Yes, but their usage pattern almost certainly has them reaching 100% charge and then immediately discharging the battery by driving.
This is not like leaving your car in your garage hooked up to a charger that is maintaining it at 100% overnight, every night. Unless I had to, that I definitely would not do.
Here's something I don't understand: charge rate has an impact on battery capacity too -- so, if you're at 50% and you're going to go on a long trip on Monday morning, is it better to trickle up to 100% at low amperage starting Sunday afternoon, or to schedule an 80A charge and blast up there early Sunday morning -- or just get up an hour earlier and hit a Supercharger to put the range on?
Not wanting to spend long periods at high SoC would suggest to put the charge on using the maximum amperage possible, as close to time of use as possible. So, the 80A or Supercharger option. But not wanting to charge at high rate (which also degrades capacity) would suggest to use the lowest feasible charging rate, so, the overnight trickle to get you from 50% to 100%.

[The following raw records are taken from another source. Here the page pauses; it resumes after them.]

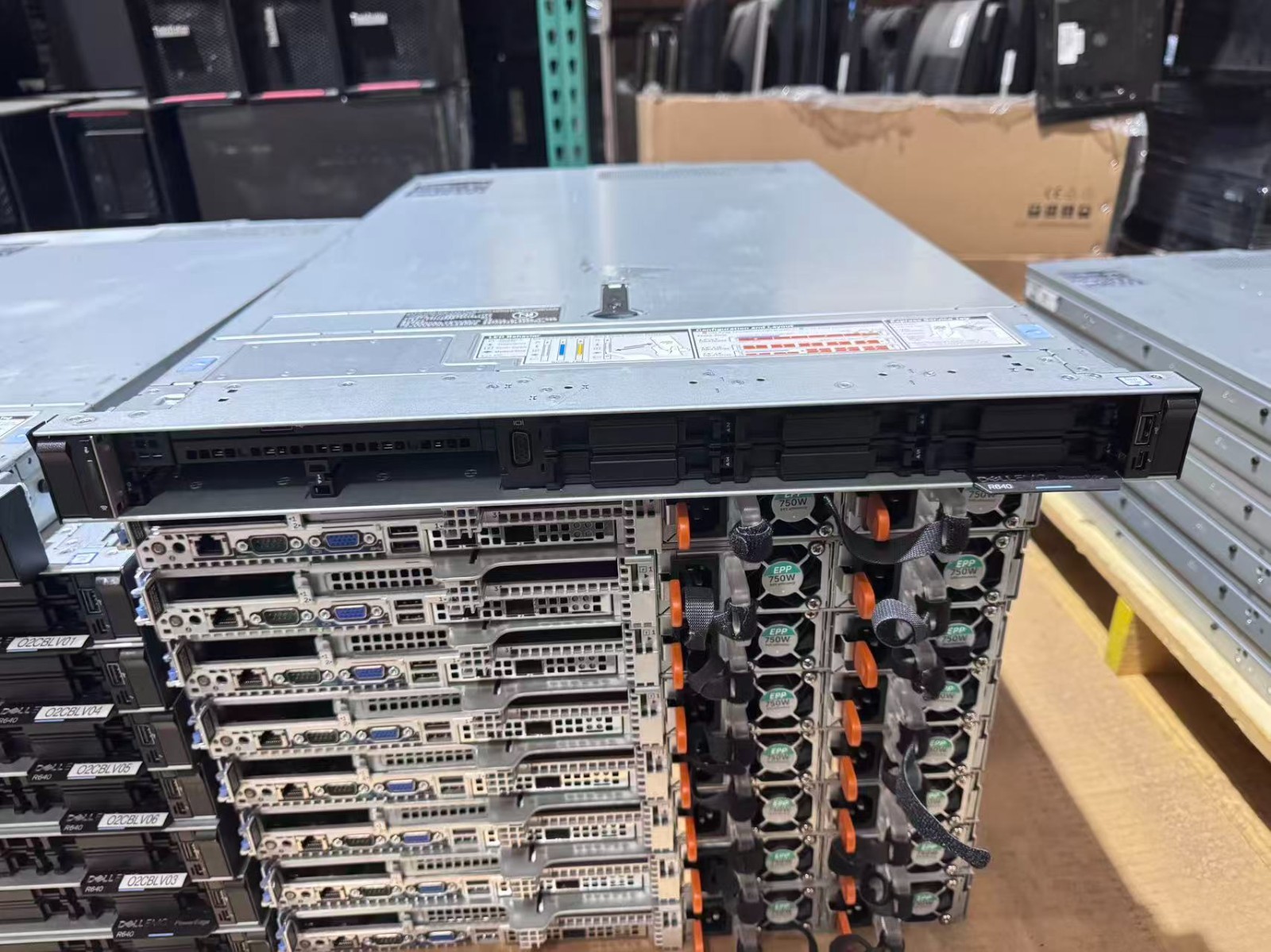 Dell PowerEdge R640 1U 8SFF Server Barebones 2x Gold 5122 256GB H730 2x 750w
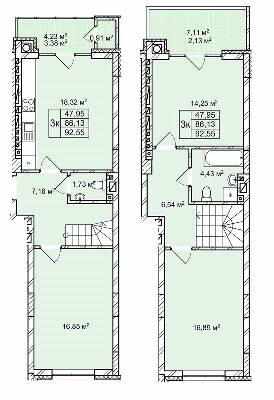 Двухуровневая 92.55 м² в ЖК Софиевка от 22 000 грн/м², Львов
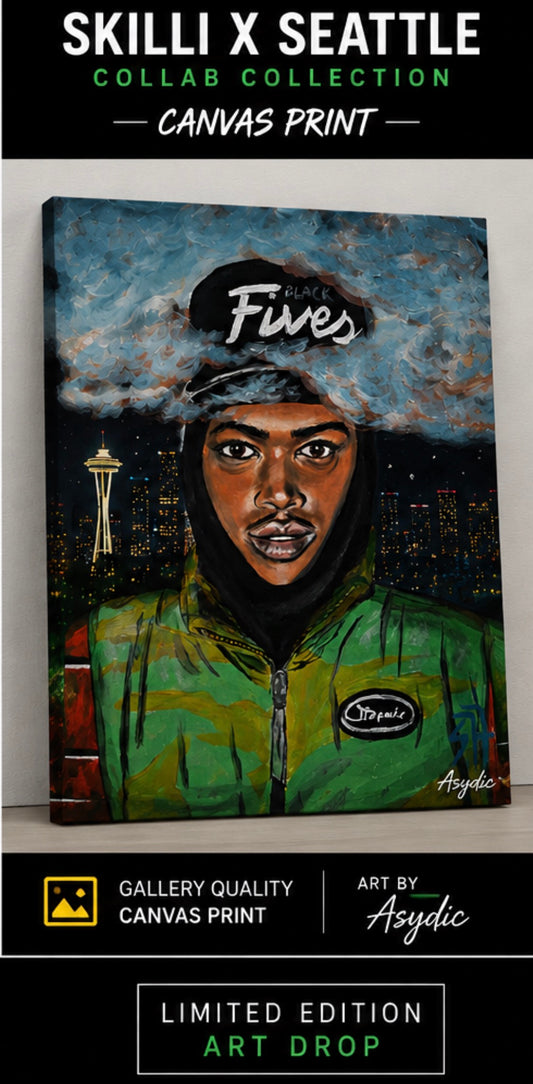 SKILLI X SEATTLE | Limited Edition Art Drop by Asydic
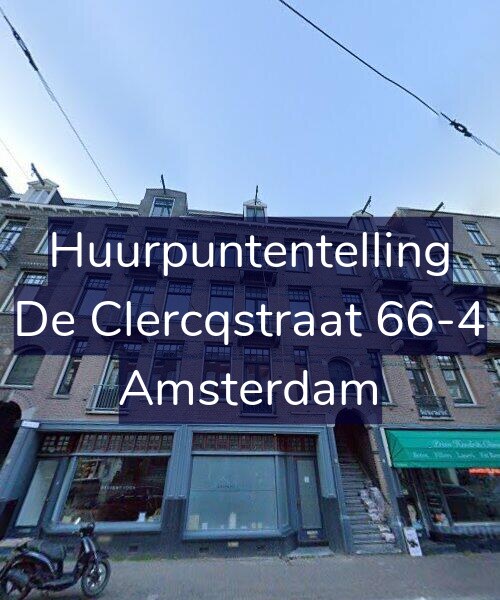 Foto gevel Huurpuntentelling voor De Clercqstraat 66-4, Amsterdam
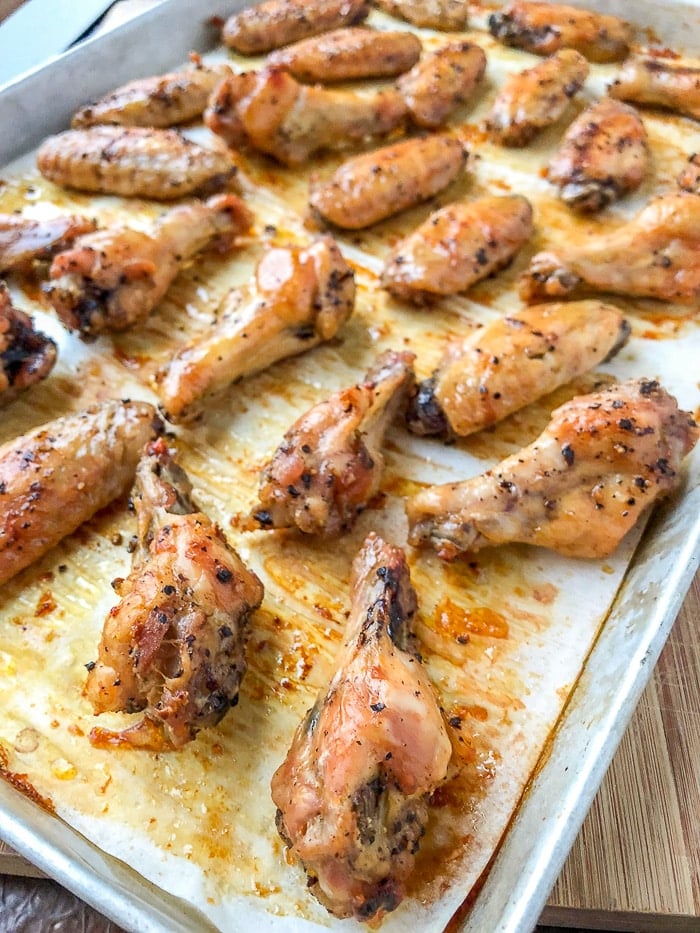 Salt and Pepper Wings just out of the oven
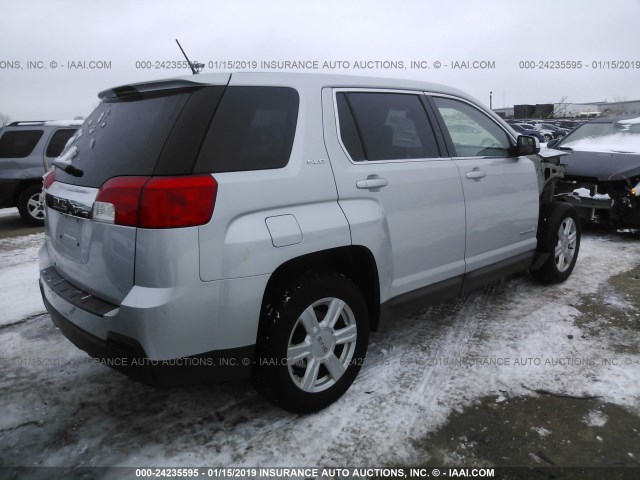 2GKALMEK3E6260778 - 2014 GMC TERRAIN SLE SILVER photo 4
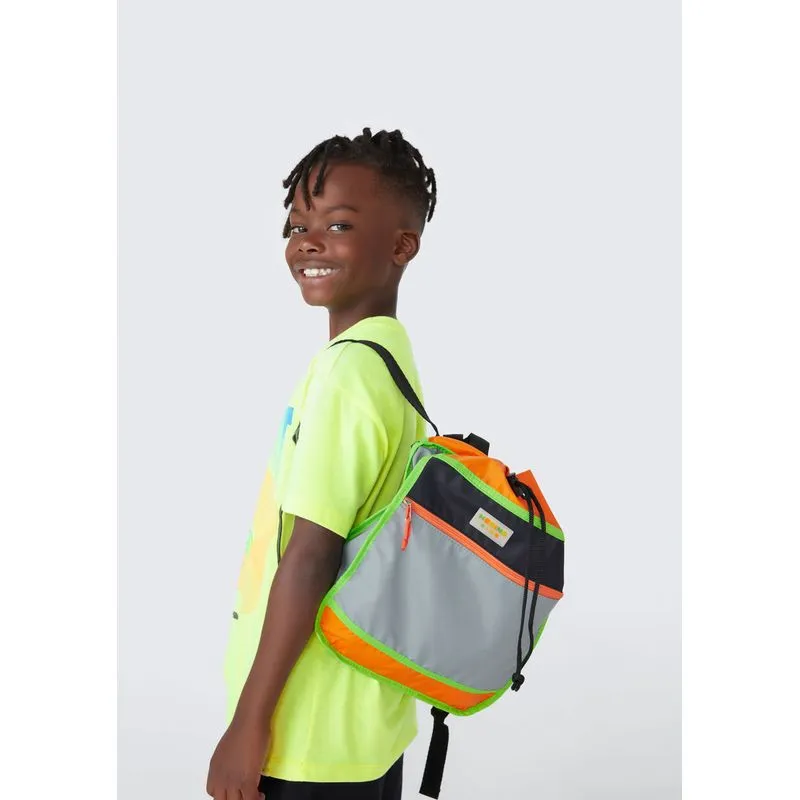 Mochila Saco Infantil Menino Em Neon - Laranja UNI
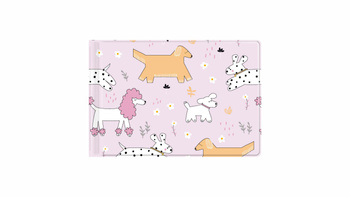 Okładka na dokumenty ucznia małe z nadrukiem puppies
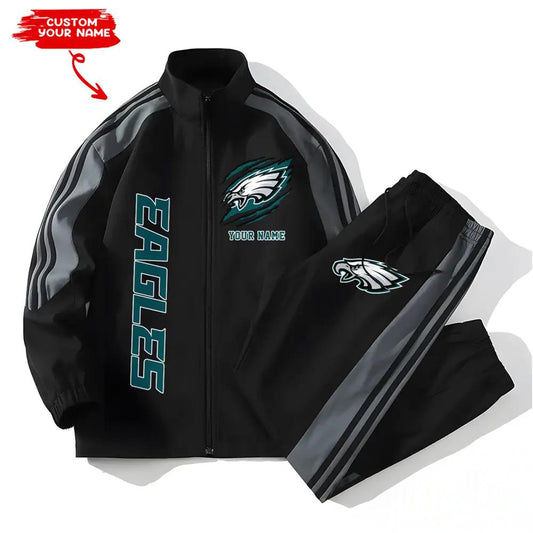 Philadelphia Eagles Combo Versatile Sports Jacket And Pants EM59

With the BMS maintaining battery temperature, and the fast-charge effects largely driven by cell temperature, I bet the answer's somewhere in the middle -- but this is a very tricky optimization problem in at least three independent variables. Someone like wk057 or Ingineer might have the data to head towards a real answer, but generating that data would require sacrificing capacity or even cells on a real battery; it'd be great to know what Tesla thinks.